But the competition that we're talking about is a world, let's say which by the way doesn't exist yet and we're only speculating. But suppose we go to a world where companies can choose International Accounting Standards or the U.S. GAAP and the International Accounting Standards do require, not give an option, they give a requirement for expensing of stock options and the American system, the GAAP system, still has a choice and it's all voluntary.
I suspect that in such a world, which again does not exist, you'd have a lot more companies, especially worldwide, that would be reporting under International Accounting Standards. If those standards say expense stock options and American standards do not, or at least don't have the requirement, I think there would be more competitive pressure than exists right now. And we haven't run that race yet. All I'm saying is, and I think the first chapter makes this point. It doesn't say that this brave new world of competition would necessarily force the correction. It's just that in a world of monopoly standard-setting there is no ability to counteract the current political forces right now which impede the requirement of expensing stock options.
If you have a better idea, I'm all ears to try to figure out a way to offset this political influence on FASB. But I've racked my brain. I cannot think of a better way to offset the political influence problem and to have at least some chance for market-based competition.
QUESTION: Two points. George, your suggestion about stock options seems inconsistent with your criticism of fair value accounting. These stock options are not tradable, they're basically contingent liabilities that are not tradable, but you want them to be expensed but not other contingent liabilities that are not tradable. So I think that's an inconsistent position between your general criticism of fair value accounting and your assumption somehow that it would be better to expense options.
Second, there is a study that looks at the effect of the difference between accounting standards. In the German New Market they permit firms to use either IASB or GAAP, and the study finds no difference in bid/ask spreads and other measures of that nature.
So at least in that market, which is somewhat like the NASDAQ market in the United States, in the set of firms that are listed on that market there doesn't seem to be any difference in the standards.
MR. BENSTON: I'm aware of the study, and it's a good study so I have no quarrel with that.
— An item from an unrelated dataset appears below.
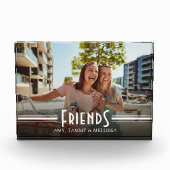 ミニマルシンプルリストフレンズ写真書道レトロ フォトブロック (正面)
But basically there's been actually not a lot of difference. I did a point-by-point analysis of IAS and U.S. GAAP. There's not much difference between them. One of the major ones is the one we're talking about which I don't think is very relevant to German companies so it just doesn't come up there because they don't do that.
In terms of the other aspect, there's a big difference between German GAAP accounting and International Accounting Standards and in that the study found that there International Accounting Standards seemed to be better in that sense.
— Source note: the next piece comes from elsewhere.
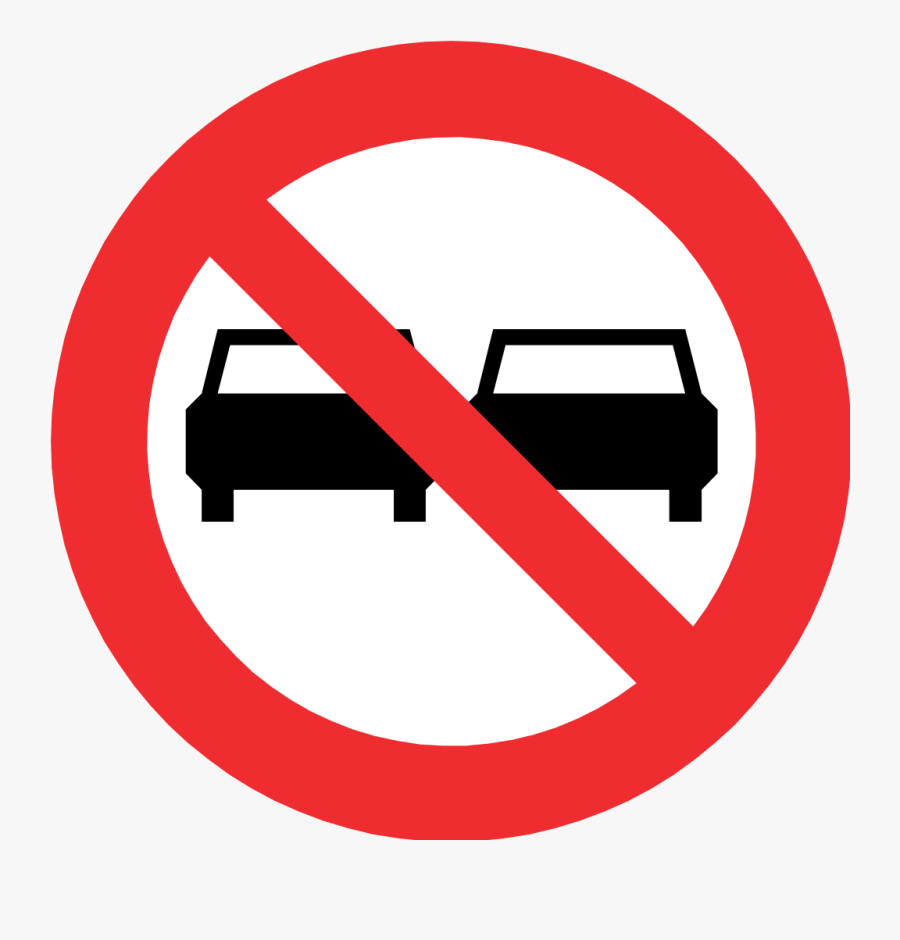 Chile Road Sign Rpo-3 - No Overtaking Sign Png, Transparent Clipart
So I don't know that that particular study will answer the question that we're talking about although it was a nice piece of work.
Insofar as your first point is concerned, you do raise a very good point. I'm going back to the traditional accounting model. The traditional accounting model is that you first recognize revenue, and for that you need objective evidence. Then to that you match expenses where you sometimes don't have objective evidence.
Namely the whole thing about the stock options is very simple. It's an expense. You hire a CEO or any other officer and you give them something of value and something of value that you've given, and you may have to estimate what it's worth, but it's still something of value. You have to make a choice between showing it as an expense against the income that is currently recognized or deferring it in some future period when it indeed is exercised. There's always a tradeoff in that. As Dr. Schipper said, there is a tradeoff. There's no absolutely correct rule here.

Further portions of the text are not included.